Questi fattori si intrecciano in una miscela esplosiva in Cirenaica, dove l’opposizione islamica è sempre stata attiva, riaffiorando anche in questa rivolta. Sarebbe strano il contrario, perché questa è la patria della Senussia. Dalla confraternita del Gran Senusso, predicatore di stampo integralista, derivano i movimenti anti-colonialisti come quello di Omar el-Muktar, impiccato dal generale Graziani.
Il Fronte combattente islamico ha sempre trovato reclute in Cirenaica, a Derna e al-Bayda, oltre che nelle aree interne nel Gebel Akhadar. Non è un caso che qui siano in corso combattimenti feroci. Quello che non torna, nella versione di Tripoli, è attribuire la presenza degli islamisti a componenti straniere: non sono da escludere ma non rappresentano la parte più importante. Si tratta di una scusa accampata da Seif Islam per legittimare lo sradicamento con la forza di ogni opposizione. È stato proprio Seif, nella primavera scorsa, a tentare un negoziato con gli esponenti del Fronte islamico, che sono tutti libici.

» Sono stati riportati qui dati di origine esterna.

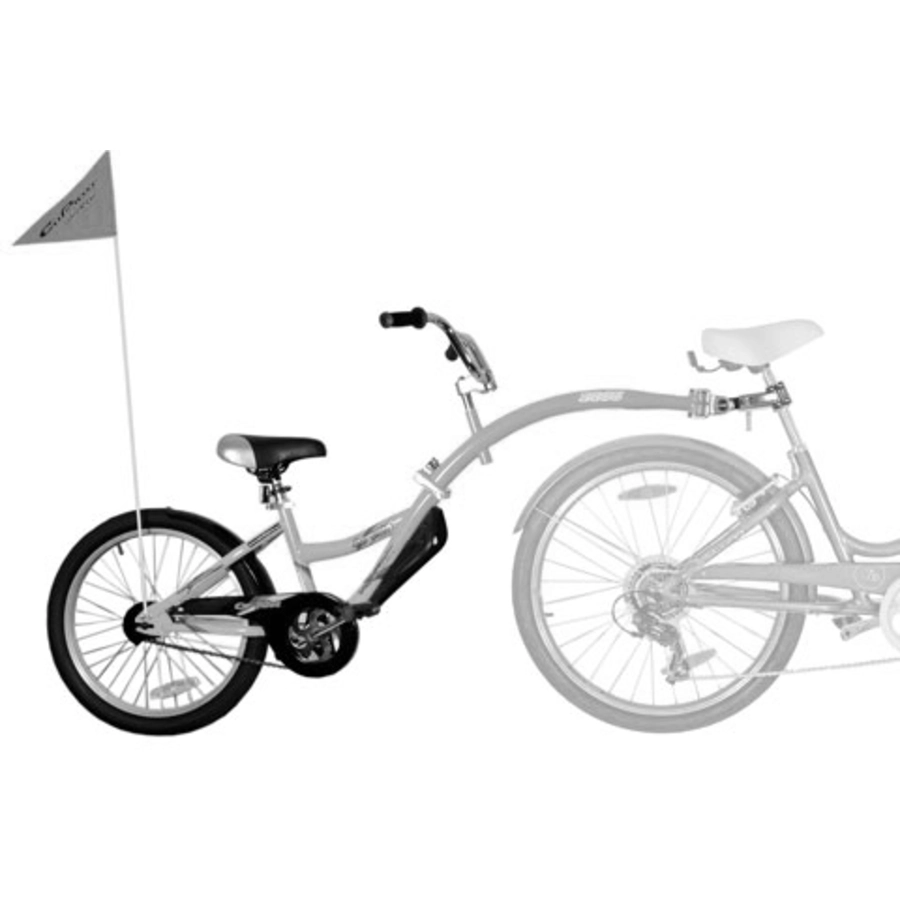 WeeRide Tandem Fahrradanhänger Copilot White
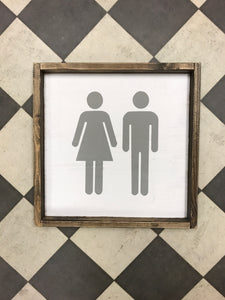 Male And Female Bathroom Sign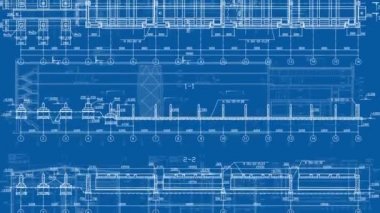 Arka plan inşaat çizimleri ilmekledi
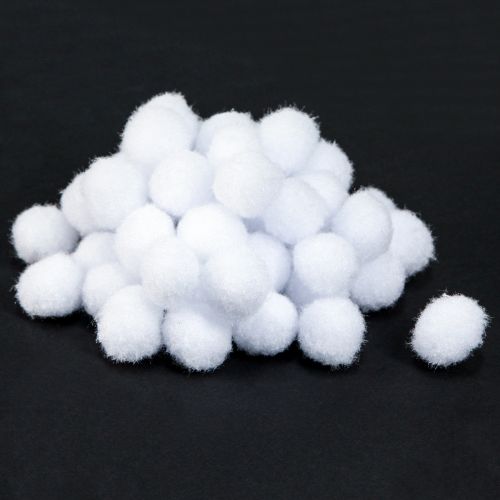 Product Decoration Snowball Mini Ø2cm White Snow Globes 400 Pcs 4 Bags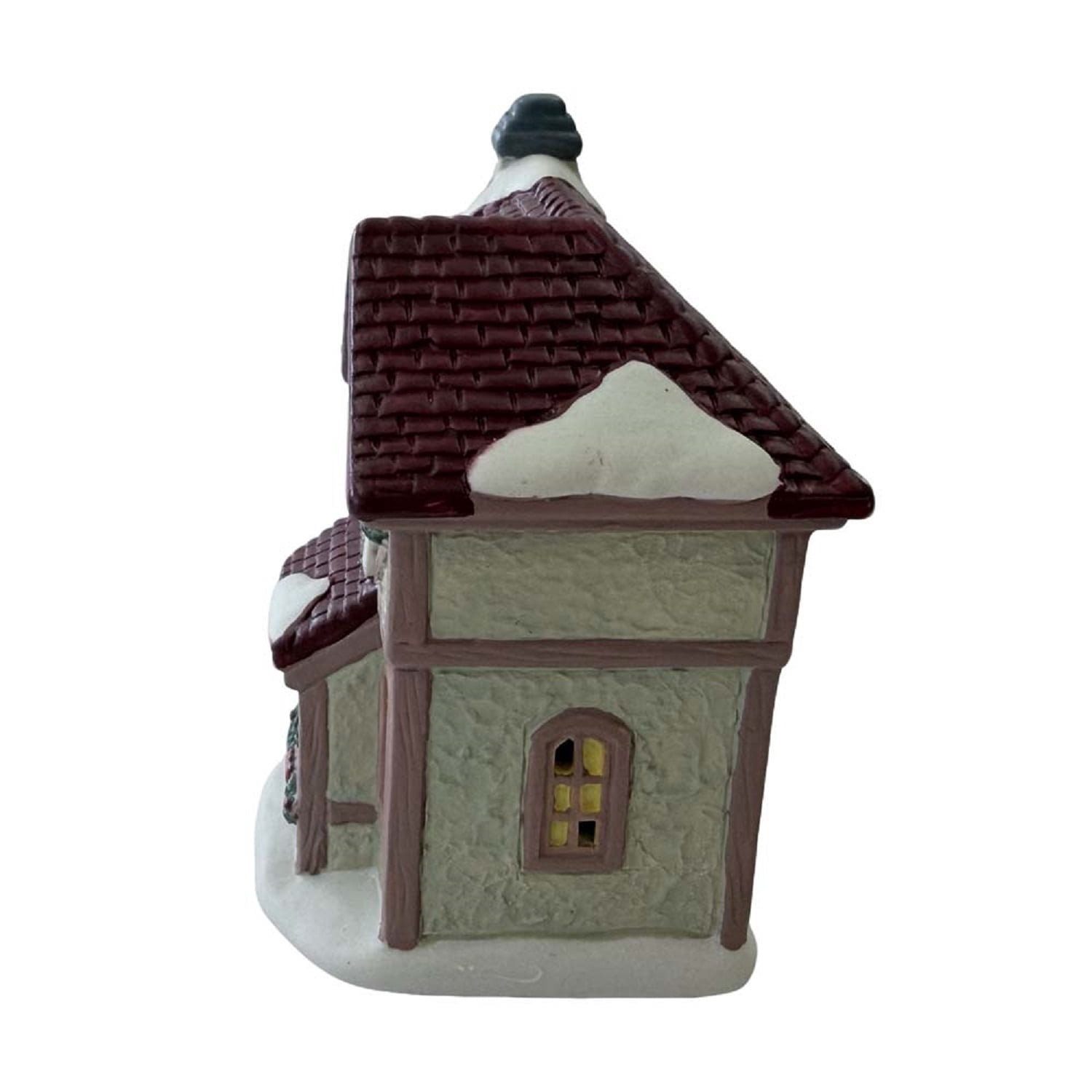 Porcelain Toy Shop Mini Christmas Village Building, Multicolor, 4", by Holiday Time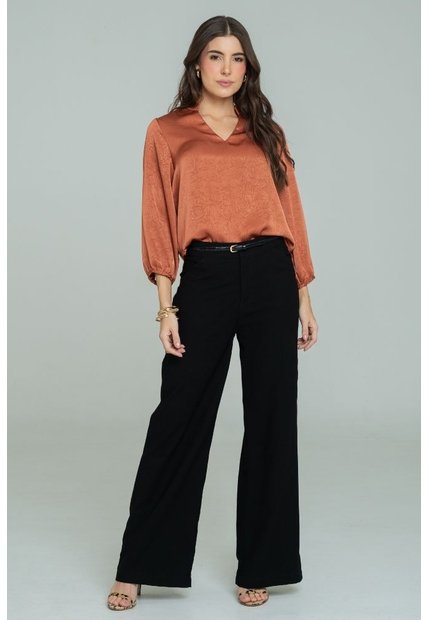 Blusa Pascal Café Ragged Pf12110885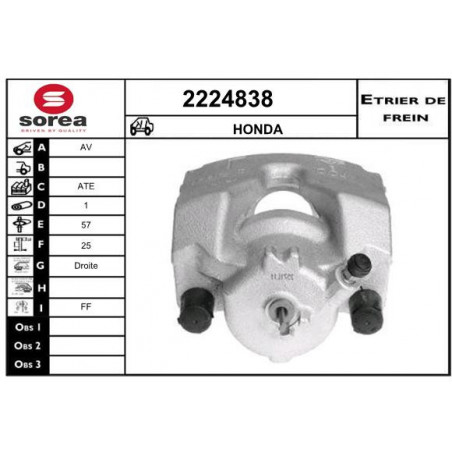Étrier de frein EAI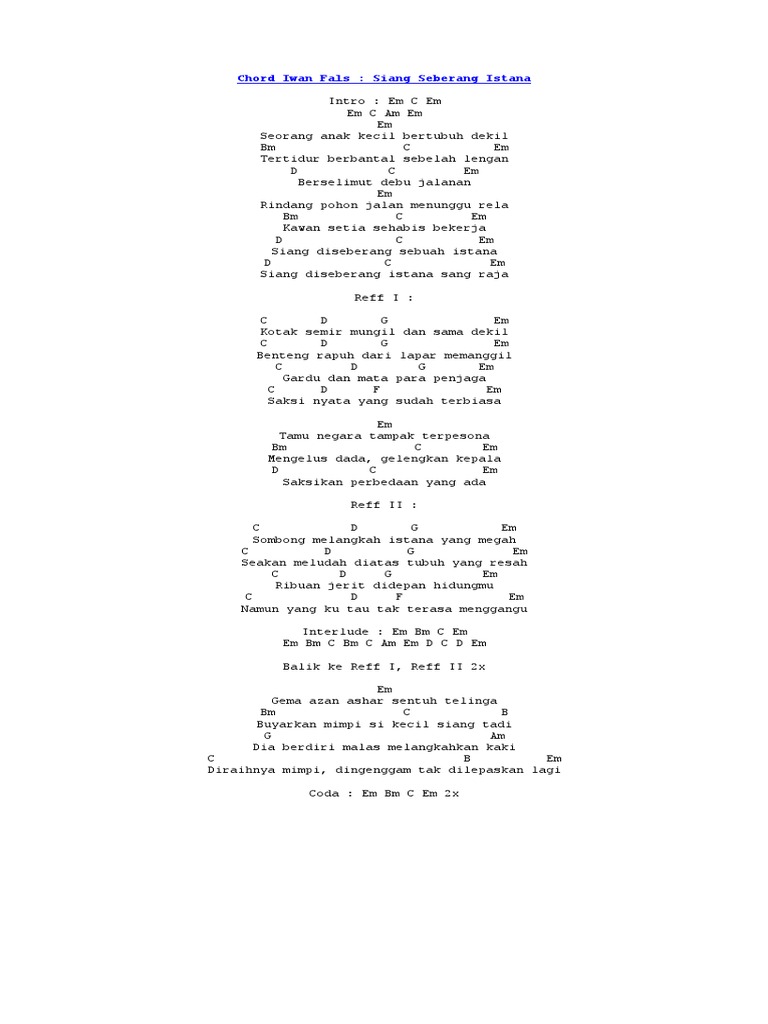 Chord Iwan Fals PDF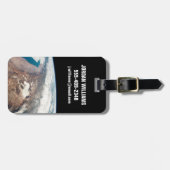 Atacama Wüste und Salzfladen in den Anden Gepäckanhänger (Vorderseite horizontal)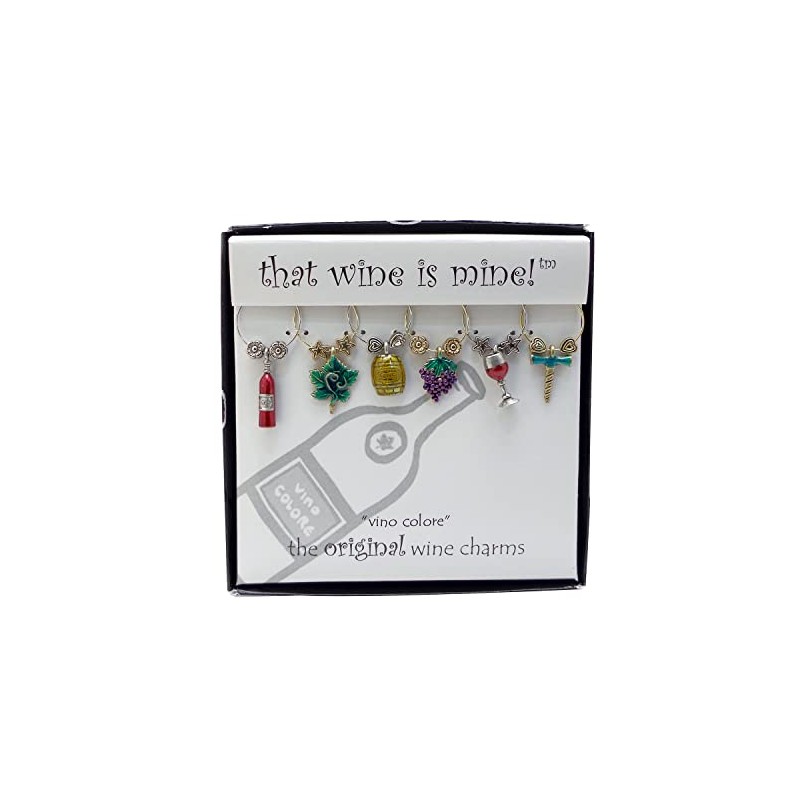 Wine Things WT-1423P Vino Color Wine Charms, Painted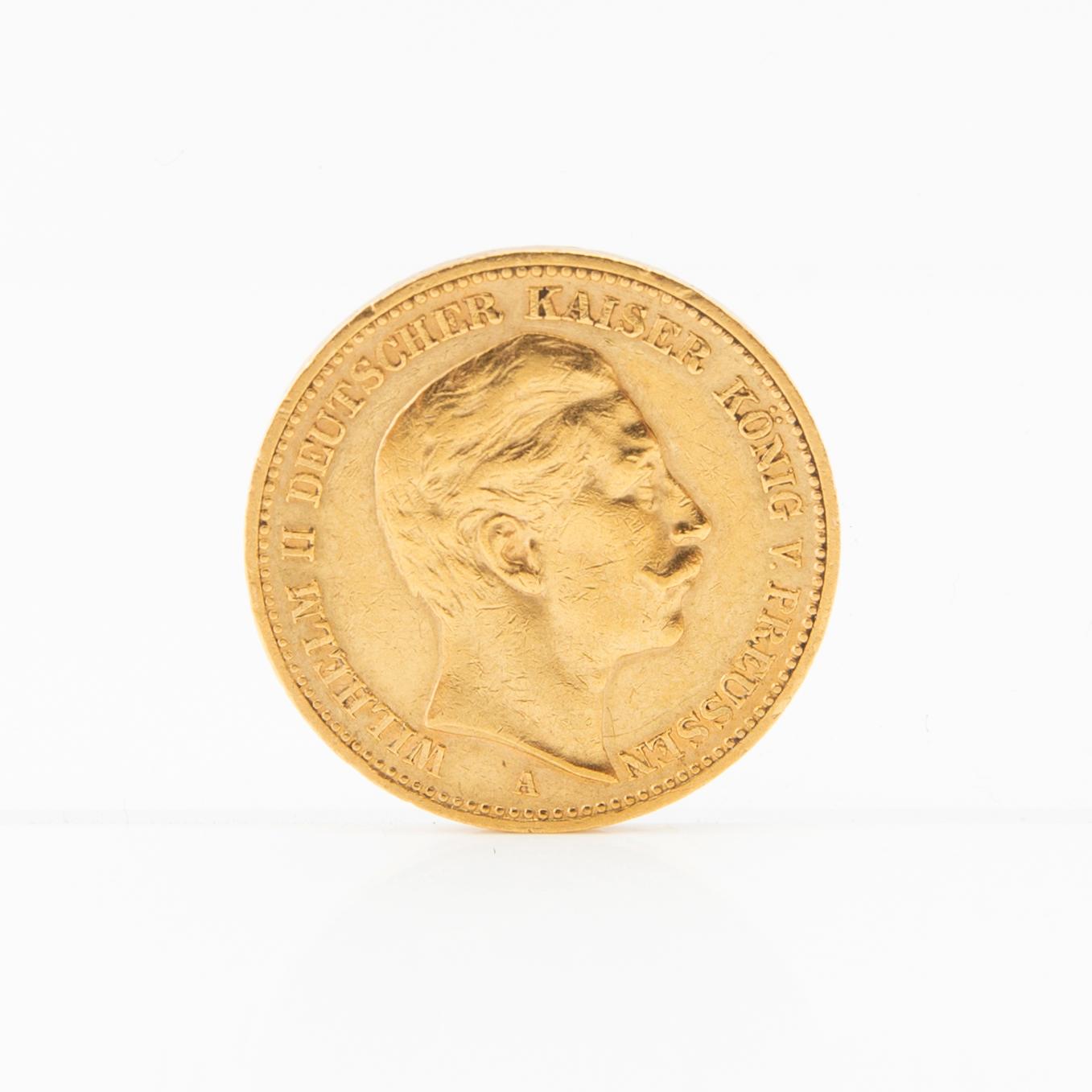 Gold coin 20 marks 1889 German Empire Wilhelm II.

La loro richiesta era la restituzione dei corpi dei 1.270 carcerati trucidati a sangue freddo nel ’96 nella prigione di Abu Salim. Una domanda impossibile da soddisfare: vennero tutti sepolti in una fossa ricoperta con una gettata di cemento. Da questa catena di sangue e di vendette derivano i pericoli maggiori per il futuro della Libia.